» **Assigned task**: Repeat the listing below word for word, minus the pictures.

» **Dataset excerpt**:
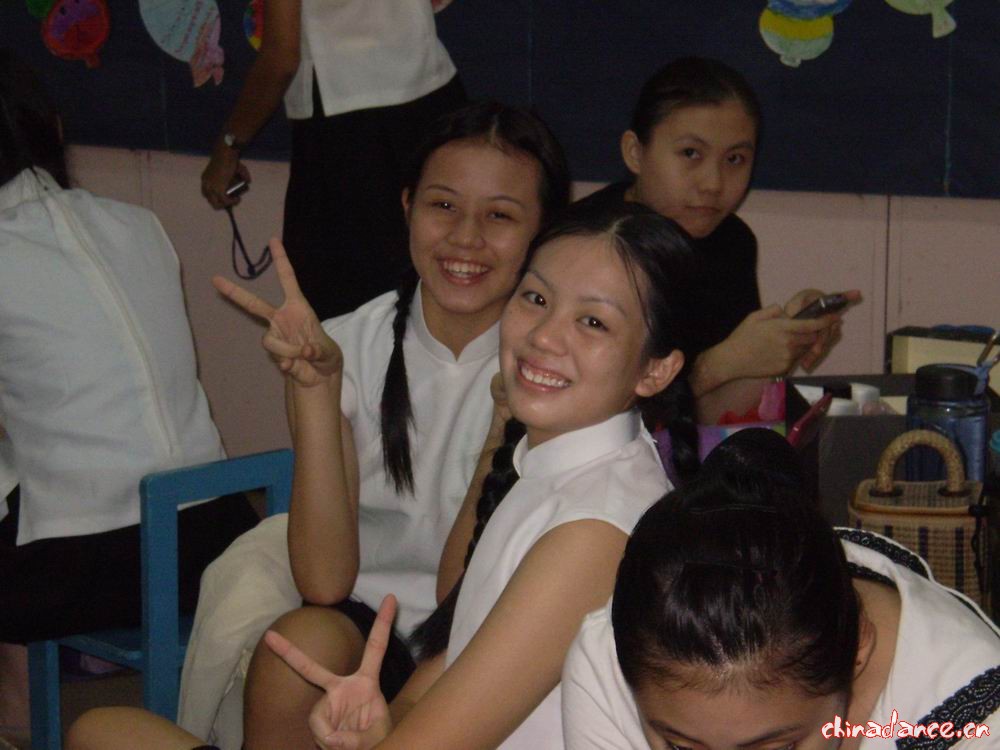 看～～多开心～～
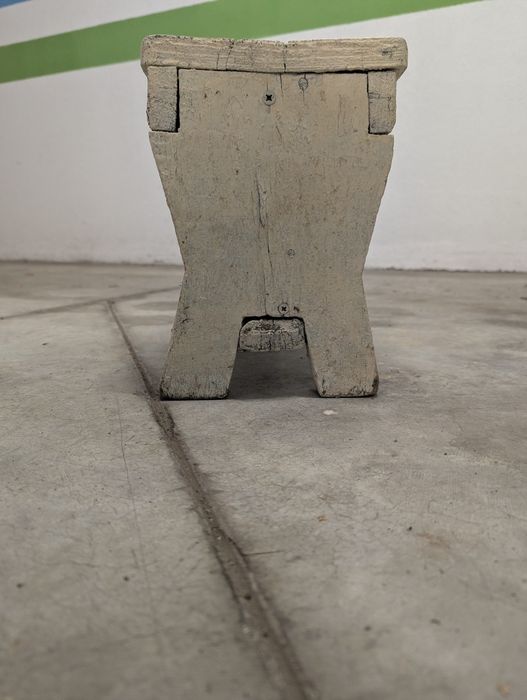 Старо дървено столче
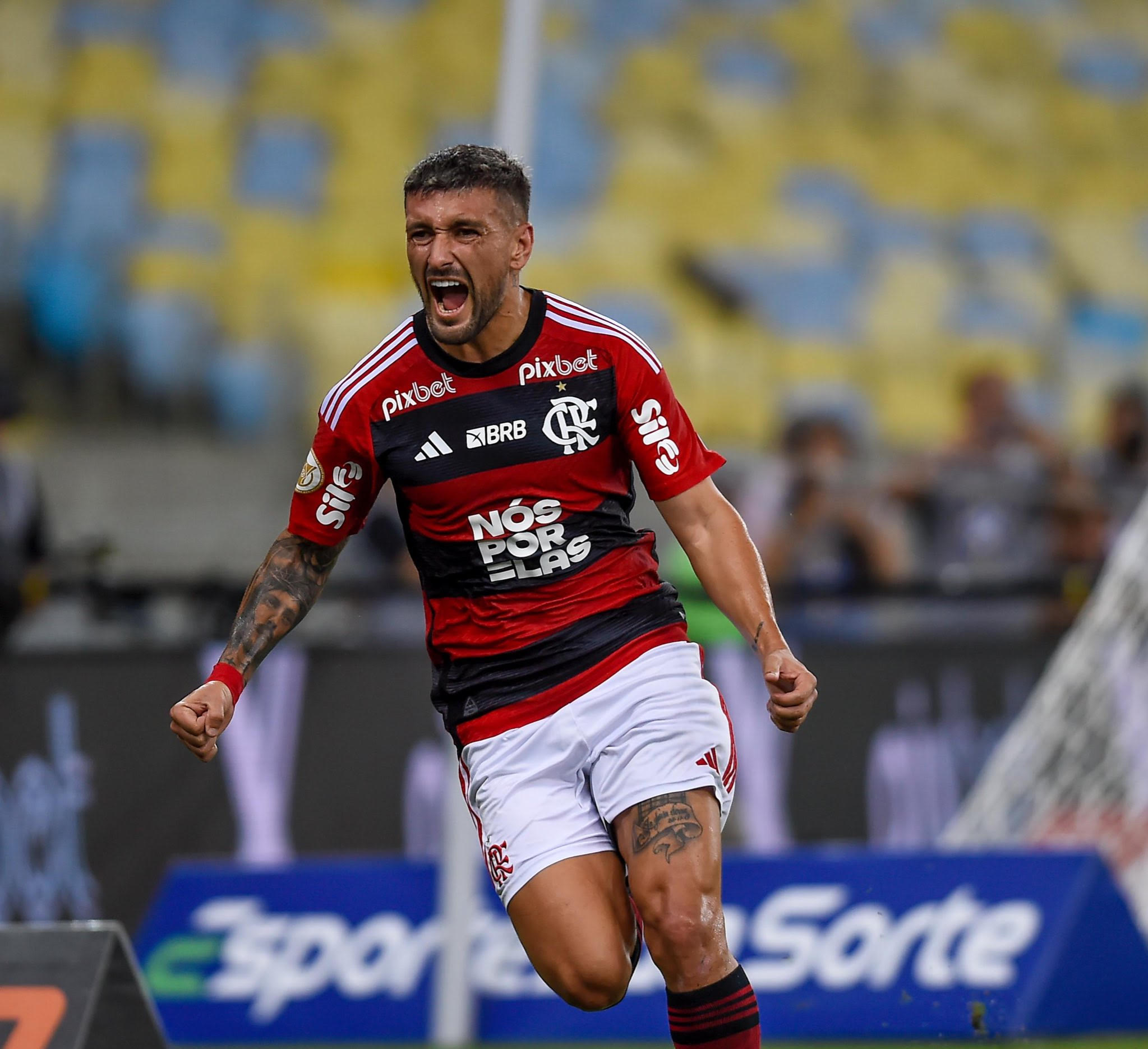 Flamengo dá chocolate de 3 a 0 no Palmeiras e entra na briga pelo título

» **Answer to this task**:
 看～～多开心～～
 Старо дървено столче
 Flamengo dá chocolate de 3 a 0 no Palmeiras e entra na briga pelo título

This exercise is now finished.